Extended Data Fig. 3: Identification of syntenic lncRNAs across species and curation of RNA motifs from CLIP-seq datasets and public motif databases.

a, Pipeline for syntenic lncRNA identification. A random forest model was trained to predict syntenic lncRNAs between each pair of species based on the two defined sets of ‘synteny indicators’, using one-to-one homologs of protein-coding genes as positive samples and randomly selected gene pairs as negative samples for model training. b, The calculation of 6 features (the numbers and the proportion scores) for the corresponding genomic anchors in the upstream region, the downstream region, or the flanking region of one pair of human and mouse lncRNAs. c, Heatmap showing the numbers and Jaccard index values for predicted syntenic lncRNAs between human and the seven indicated species. d, Contour line plot of syntenic lncRNAs for human vs. five other species identified by lncHOME, in terms of the proportion of common protein-coding genes and the proportion of corresponding genomic anchors.
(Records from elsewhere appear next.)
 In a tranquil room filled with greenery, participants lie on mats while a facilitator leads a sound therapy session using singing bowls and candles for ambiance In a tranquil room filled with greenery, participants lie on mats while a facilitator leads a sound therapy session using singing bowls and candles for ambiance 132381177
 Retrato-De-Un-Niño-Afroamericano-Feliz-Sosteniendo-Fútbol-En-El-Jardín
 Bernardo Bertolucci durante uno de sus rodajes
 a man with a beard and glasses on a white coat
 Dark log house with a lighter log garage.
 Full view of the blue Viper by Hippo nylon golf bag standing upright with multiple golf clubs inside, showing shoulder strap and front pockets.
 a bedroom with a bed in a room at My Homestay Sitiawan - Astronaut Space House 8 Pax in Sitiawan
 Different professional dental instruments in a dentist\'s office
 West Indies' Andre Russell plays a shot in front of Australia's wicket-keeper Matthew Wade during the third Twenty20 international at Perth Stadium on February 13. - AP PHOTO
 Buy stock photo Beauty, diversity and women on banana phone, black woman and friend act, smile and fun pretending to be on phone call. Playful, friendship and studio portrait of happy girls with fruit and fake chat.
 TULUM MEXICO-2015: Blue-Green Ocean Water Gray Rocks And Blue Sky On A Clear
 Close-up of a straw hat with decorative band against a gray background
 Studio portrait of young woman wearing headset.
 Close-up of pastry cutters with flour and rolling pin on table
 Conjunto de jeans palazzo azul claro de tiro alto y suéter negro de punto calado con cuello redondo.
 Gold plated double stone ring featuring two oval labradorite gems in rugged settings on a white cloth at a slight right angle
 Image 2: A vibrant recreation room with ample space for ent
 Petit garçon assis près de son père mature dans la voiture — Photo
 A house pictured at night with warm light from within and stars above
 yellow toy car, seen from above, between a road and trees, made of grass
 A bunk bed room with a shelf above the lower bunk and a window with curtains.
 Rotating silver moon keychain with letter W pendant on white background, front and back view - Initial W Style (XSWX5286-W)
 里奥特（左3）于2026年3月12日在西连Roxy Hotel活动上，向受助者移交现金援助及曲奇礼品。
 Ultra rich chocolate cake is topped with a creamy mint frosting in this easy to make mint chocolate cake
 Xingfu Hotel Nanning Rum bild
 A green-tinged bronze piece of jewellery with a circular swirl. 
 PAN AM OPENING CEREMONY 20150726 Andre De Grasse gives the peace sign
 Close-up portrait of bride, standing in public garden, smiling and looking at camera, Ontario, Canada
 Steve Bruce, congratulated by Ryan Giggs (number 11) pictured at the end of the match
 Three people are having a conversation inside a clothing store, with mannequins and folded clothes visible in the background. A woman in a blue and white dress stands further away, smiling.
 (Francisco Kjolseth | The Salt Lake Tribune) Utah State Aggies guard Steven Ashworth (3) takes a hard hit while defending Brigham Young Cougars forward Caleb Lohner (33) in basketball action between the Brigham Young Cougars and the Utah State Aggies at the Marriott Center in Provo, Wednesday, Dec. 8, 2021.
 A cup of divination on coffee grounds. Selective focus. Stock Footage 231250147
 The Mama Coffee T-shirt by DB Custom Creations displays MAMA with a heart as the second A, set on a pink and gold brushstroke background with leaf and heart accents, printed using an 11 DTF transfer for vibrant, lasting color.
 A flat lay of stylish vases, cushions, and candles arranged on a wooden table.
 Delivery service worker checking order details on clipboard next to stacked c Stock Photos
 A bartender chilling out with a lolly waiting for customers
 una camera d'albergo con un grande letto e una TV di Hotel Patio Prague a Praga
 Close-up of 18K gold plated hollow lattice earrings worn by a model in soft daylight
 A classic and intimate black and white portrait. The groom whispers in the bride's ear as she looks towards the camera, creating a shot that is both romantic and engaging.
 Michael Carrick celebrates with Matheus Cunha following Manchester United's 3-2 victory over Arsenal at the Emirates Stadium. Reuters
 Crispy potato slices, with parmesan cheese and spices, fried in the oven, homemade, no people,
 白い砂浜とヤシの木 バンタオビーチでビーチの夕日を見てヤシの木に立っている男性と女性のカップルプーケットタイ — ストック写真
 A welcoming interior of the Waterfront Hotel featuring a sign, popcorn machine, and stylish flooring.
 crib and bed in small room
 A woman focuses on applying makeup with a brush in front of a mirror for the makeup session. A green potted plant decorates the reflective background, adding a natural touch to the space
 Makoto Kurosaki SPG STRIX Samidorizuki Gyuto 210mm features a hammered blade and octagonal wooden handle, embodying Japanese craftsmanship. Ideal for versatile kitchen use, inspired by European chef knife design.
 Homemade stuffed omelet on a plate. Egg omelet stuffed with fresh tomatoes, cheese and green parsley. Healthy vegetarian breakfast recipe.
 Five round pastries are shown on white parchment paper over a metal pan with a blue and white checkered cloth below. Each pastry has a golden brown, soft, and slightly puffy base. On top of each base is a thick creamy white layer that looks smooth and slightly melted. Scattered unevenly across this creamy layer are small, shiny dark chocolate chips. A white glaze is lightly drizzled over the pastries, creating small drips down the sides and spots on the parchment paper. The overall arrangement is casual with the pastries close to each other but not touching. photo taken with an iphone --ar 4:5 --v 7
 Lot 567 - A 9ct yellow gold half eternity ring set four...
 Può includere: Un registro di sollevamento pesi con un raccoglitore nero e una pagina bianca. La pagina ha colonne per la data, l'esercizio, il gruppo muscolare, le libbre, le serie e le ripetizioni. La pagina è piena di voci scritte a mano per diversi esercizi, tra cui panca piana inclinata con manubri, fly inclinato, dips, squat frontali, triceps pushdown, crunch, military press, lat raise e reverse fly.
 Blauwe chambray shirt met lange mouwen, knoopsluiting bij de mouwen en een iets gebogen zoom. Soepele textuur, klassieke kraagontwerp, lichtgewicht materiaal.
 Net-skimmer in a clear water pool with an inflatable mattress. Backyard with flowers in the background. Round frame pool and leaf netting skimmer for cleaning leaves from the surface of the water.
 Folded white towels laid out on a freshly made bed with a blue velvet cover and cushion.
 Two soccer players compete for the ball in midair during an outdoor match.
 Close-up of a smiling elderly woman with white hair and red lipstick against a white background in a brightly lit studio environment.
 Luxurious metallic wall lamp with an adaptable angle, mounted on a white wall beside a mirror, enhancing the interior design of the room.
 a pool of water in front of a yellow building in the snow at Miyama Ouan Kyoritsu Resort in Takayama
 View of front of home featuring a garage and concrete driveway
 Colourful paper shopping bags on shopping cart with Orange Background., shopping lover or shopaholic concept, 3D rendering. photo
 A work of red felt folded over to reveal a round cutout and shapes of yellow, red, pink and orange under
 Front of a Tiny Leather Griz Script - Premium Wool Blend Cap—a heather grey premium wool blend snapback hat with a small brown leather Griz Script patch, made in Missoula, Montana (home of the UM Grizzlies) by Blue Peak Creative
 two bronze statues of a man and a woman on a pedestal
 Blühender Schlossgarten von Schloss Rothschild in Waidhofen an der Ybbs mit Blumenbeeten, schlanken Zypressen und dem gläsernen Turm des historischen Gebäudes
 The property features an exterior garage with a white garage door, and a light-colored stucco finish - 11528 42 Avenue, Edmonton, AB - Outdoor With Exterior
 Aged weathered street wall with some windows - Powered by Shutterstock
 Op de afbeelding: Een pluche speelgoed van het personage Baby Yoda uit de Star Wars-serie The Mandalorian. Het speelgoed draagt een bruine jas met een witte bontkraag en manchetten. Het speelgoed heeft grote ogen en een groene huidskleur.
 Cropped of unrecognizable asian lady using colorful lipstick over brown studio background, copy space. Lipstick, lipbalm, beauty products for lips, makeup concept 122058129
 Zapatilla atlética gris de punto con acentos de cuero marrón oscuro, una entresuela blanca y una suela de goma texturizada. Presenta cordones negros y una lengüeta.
The background density plot shows the same proportion scores for protein-coding genes with one-to-one homology. e, Pie plots showing the proportions of human lncRNAs with one-to-one syntenic lncRNAs (red) and one-to-multiple syntenic lncRNAs in another species (green). f, The sequence motifs of ELAVL1 and HNRNPA1 in human and zebrafish called from the binding sites from the CLIP data. P values were calculated by one-sided Binomial test. g, Pipeline for RNA motif curation for human and mouse. RNA motifs were identified in the CLIP-seq datasets using the MEME suite, and collected from public databases (that is, RNACOMPETE, CIS-RBP, RBPDB, and ATtRACT). Motif clustering was performed to merge similar motifs. h, Pipeline for RNA motif extrapolation across species. The RNA motifs curated for human and mouse were used to scan for motif matches in the transcriptomes of another species. Then the motif matches were used to update (or refine) the original motif to generate new motifs for the other species. i, The number of curated human RNA motifs. j, The distribution of curated RNA motifs for representative RBPs. Represented motifs for two example RBPs (NONO and Ezh2) are shown.